Looper stars Joseph Gordon-Levitt, who also co-executive produced the film, impersonating Bruce Willis, who plays his character Joe in the future. The only misstep in Looper maybe the makeup Gordon-Levitt wears to look like Willis, which sometimes feels surreal but other times seems distracting. Gordon-Levitt has the Willis mannerisms down (that cool, half-interested reserve). That’s all many films have demanded to attach two different actors playing the same character.
The film takes place in a future where mobsters rule crowded cities, and you can shoot someone in the back in broad daylight for trying to take your stuff. The invention of time travel 30 years in the future (2072) allows for the two Joes to meet in this current past, 30 years into our future (2042). With time travel, the mafia’s hit men have become semi-skilled junkies (loopers) who just wait for their targets to be zapped back to 2042, who they take out pointblank with handheld cannons called blunderbusses. Usually, the targets arrive bound and hooded, making for easy hits. When Joe’s future self arrives hands free and staring him back in the eyes, the younger Joe chokes. Old Joe easily overtakes him because he has the experience of the future, not to mention who-knows-how-many groundhog day-like opportunities of having lived these encounters. The marvels of time travel.

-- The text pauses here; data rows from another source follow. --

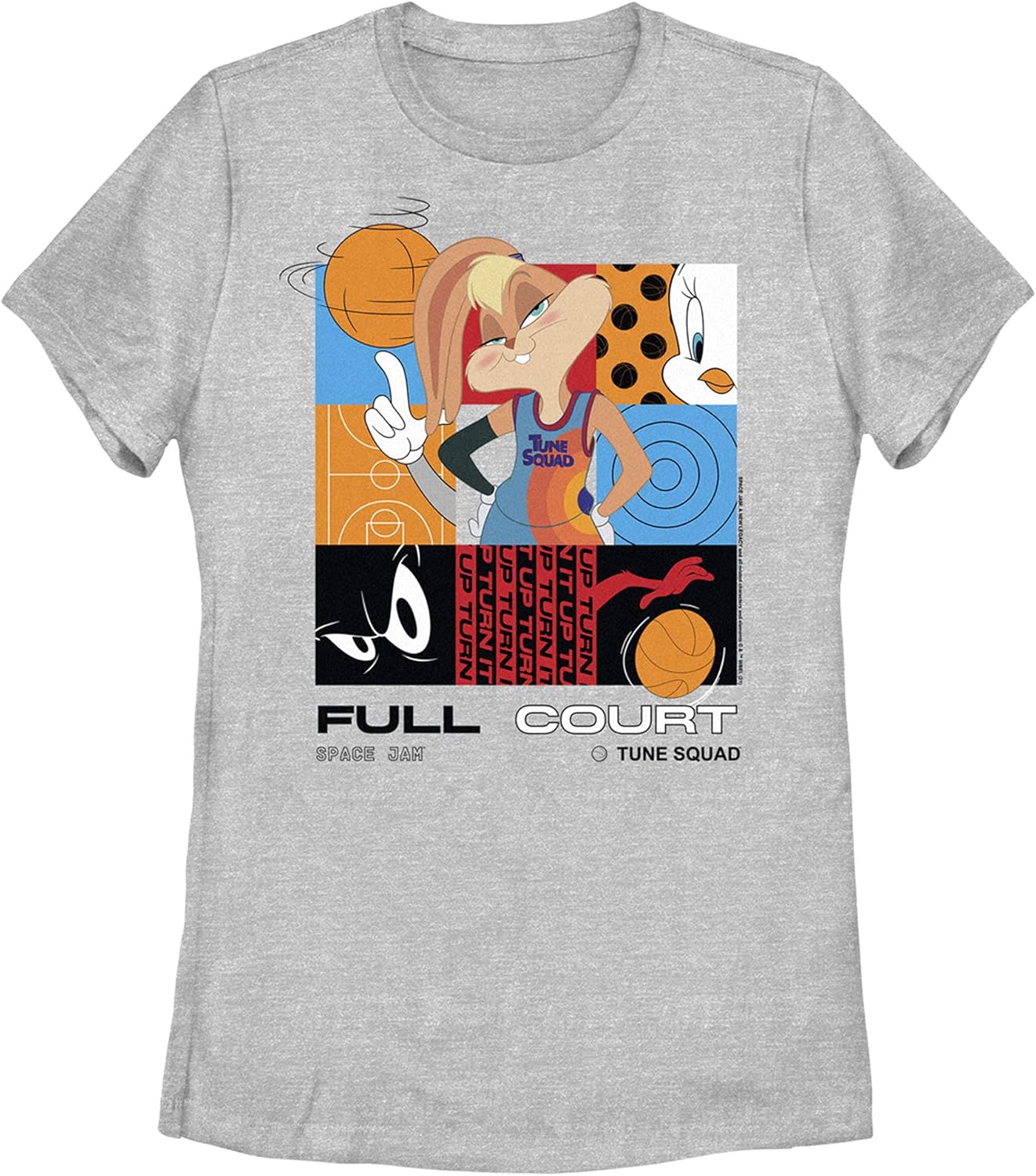 Lola Bunny Space Jam T Shirt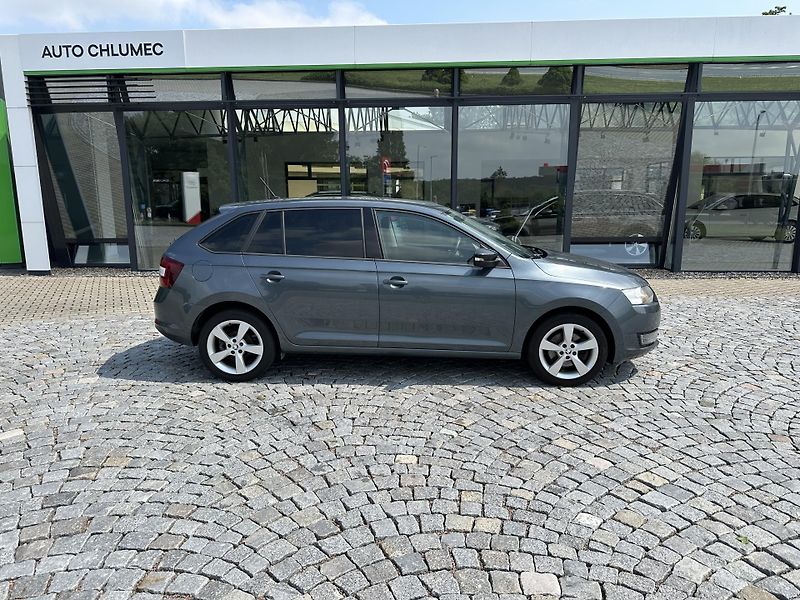 Škoda Rapid 1.2 TSI Ambition  - fotka 5 z 25
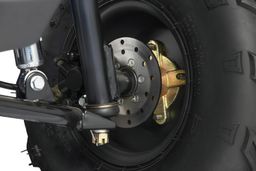 NITRO MOTOR Midi Buggy 125ccm 3-Gang Semi-Automatik mit RG Offroad Produktbild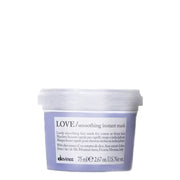 Davines Essential HairCare Love Smoothing Instant Mask 75ml - maschera lisciante rapida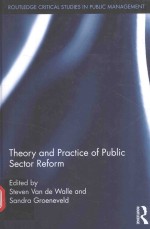 Theory and practice of public sector reform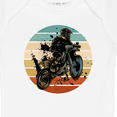thumbnail image 4 of Inktastic Motocross BMX Freestyle Sports Boys Baby Bodysuit, 4 of 5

The film’s gimmick may seem to rely on young Joe fulfilling his contract to kill old Joe so he might live out his future 30 years with happy abandon. But Looper has many more interesting things up its sleeve. The future seems to arrive thanks to capitalism gone awry and the loss of human rights. Technology has only advanced to make cell phones smaller, computers holographic, motorcycles wheel-less and drugs as easy to take as eye drops. Otherwise, most everyone seems to be a squatter living in decrepit buildings or on the street. The fact that some people are born with a “mutant” telekinetic ability they never seem to master beyond floating a coin an inch above their palm feels like a cute aside. However, Looper does not waste a single plot-point. When old Joe’s reason to avoid his death sentence comes to light, his mission in 2042 proves gasp-worthy.
At just under two hours long, Looper may sound long for a time travel sci-fi flick, but it earns a downshift in tone and pace by the film’s midpoint for an impressionable climax. Johnson knows what he’s doing when he seems to drag out young Joe’s respite from the chase at a farmhouse with Emily Blunt’s single mother Sara and her 10-year-old child Cid (Pierce Gagnon playing too-smart-for-his-age with creepy timing). This slower section is broken up by Old Joe’s scorched-earth rampage back in the city but also with a gradual deliberateness to allow the viewer to invest in these characters as channeled by some fine actors. Of course, not all movies need to run two hours long, but Johnson knows how to extend and earn the quiet moments with wit, and a revelation that follows will prove breath-taking.. You wonder why some films seem to pass through you like fast food? Those are the 88-minute, non-stop movies, which numb the mind via a barrage of action, horror, comedy and even dance moves, sapping any emotional investment by not pausing for a moment of reflection. A payoff does arrive in Looper beginning with a hired gun in search of Joe who appears at Sara’s door.
A well-earned series of plot twists and conflicts in morality will soon unfold that will leave the viewer wondering which characters they should sympathize with. It will surely leave some on edge. Looper built up the urgency to a sense I had not felt since I saw Drive last year. I felt as conflicted about these characters as I did for those in that ingenious identity mind-bender from Hong Kong, Infernal Affairs, which inspired Scorsese’s the Departed.
Johnson has produced a film with such confidence, you can forgive him for taking any perceived liberties with the rules of time travel and its effects on the notion there is only one continuum of existence (of course, it’s beyond that, thanks to quantum mechanics, so get over it). Looper indeed has a playful side, but Johnson turns on the dread just as quickly, making for one of the better, smarter science fiction films surely to leave all sorts of viewers satisfied.
Looper is Rated R (the violence does get gruesome) and runs 118 min. It opens in wide release today. TriStar Pictures invited me to a preview screening for the purpose of this review.